Companies at the Various Levels of the Big Data Stack

Revenue figures included below are accurate for 2014 or 2015, when the Coursera content for the course this note is based on was originally generated.

This post presents a very simplified model of the big data stack, and some examples of the companies that operate on each level of the stack. For purposes of this post, the stack consists of three levels:

  • Desktop Commercial Software
  • Databases and Enterprise Software
  • Computers and Routers (Hardware)

All of these companies share a common goal: they are trying to rebuild themselves as offering just-in-time and real-time data to enable humans or computers to make data-driven decisions. This means most of them are investing extensively in predictive analytics and machine learning projects. Examples include IBM Watson and Microsoft Azure.

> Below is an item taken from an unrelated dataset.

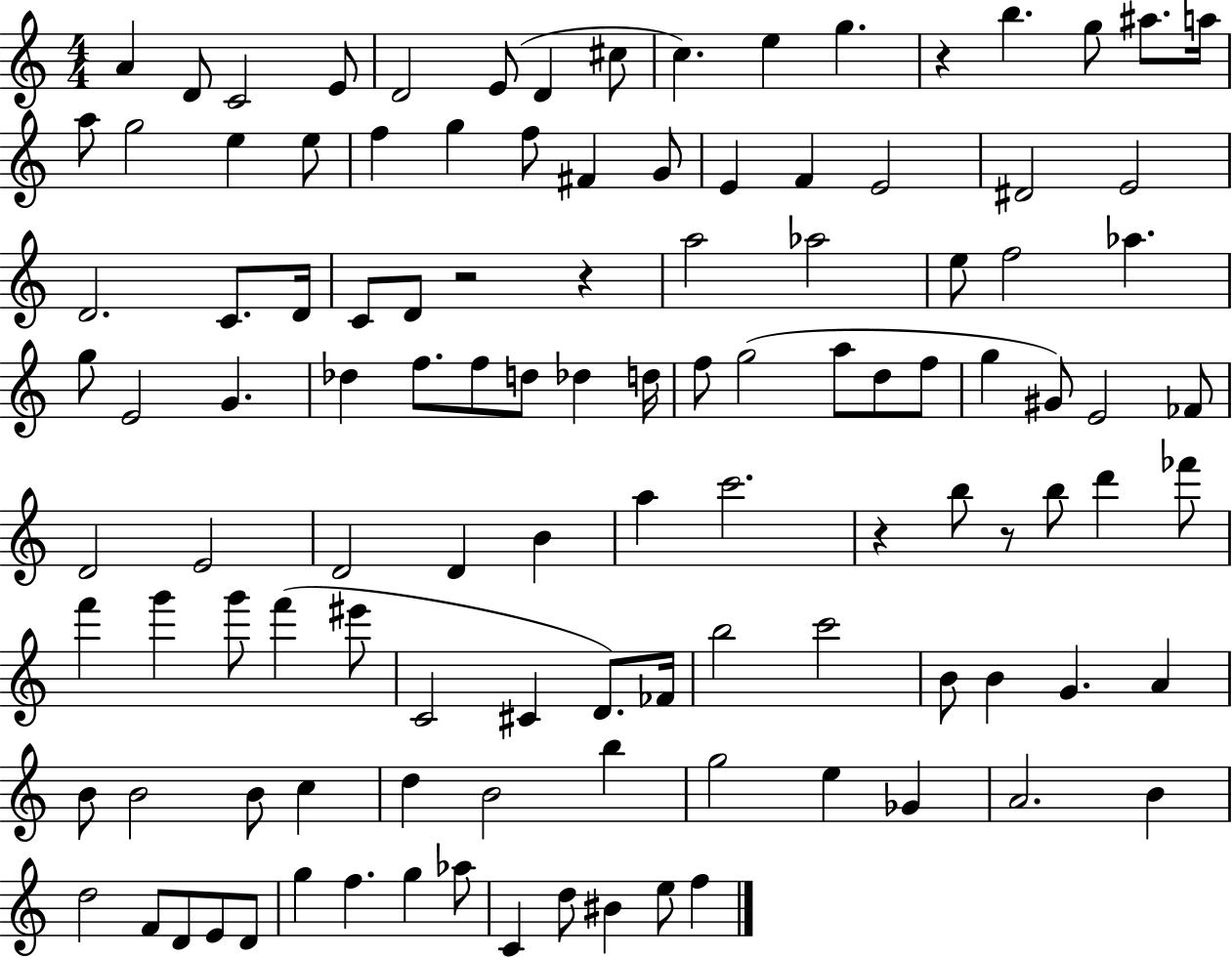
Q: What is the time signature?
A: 4/4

The major players for each level are discussed below.

Computers and Routers (Hardware)

This part of the stack consists of hardware, chips, monitors and other physical components assembled to make computers, routers, and servers.

  • Apple ($224B), Intel ($55B), Cisco ($49B), Texas Instruments ($13B), AMD ($4.6B)

Apple is unique among the companies listed because it actually operates at all levels of the data stack, from the chips and components to operating systems and applications all the way to value-added services like Apple Music and iCloud. The business model they have has been enormously successful as they are largest IT company in the world.

Databases and Enterprise Software

  • IBM ($86B), Oracle ($38B), SAP ($21B), Symantec ($6.7B), VMware ($6B), Salesforce ($4.1B), Teradata ($2.7B)

This part of the stack focuses on enterprise, relational and distributed databases, large enterprise software applications, and scalable operating systems. Generally, only professionals interact with this software, and it is less user-friendly than software designed for consumers.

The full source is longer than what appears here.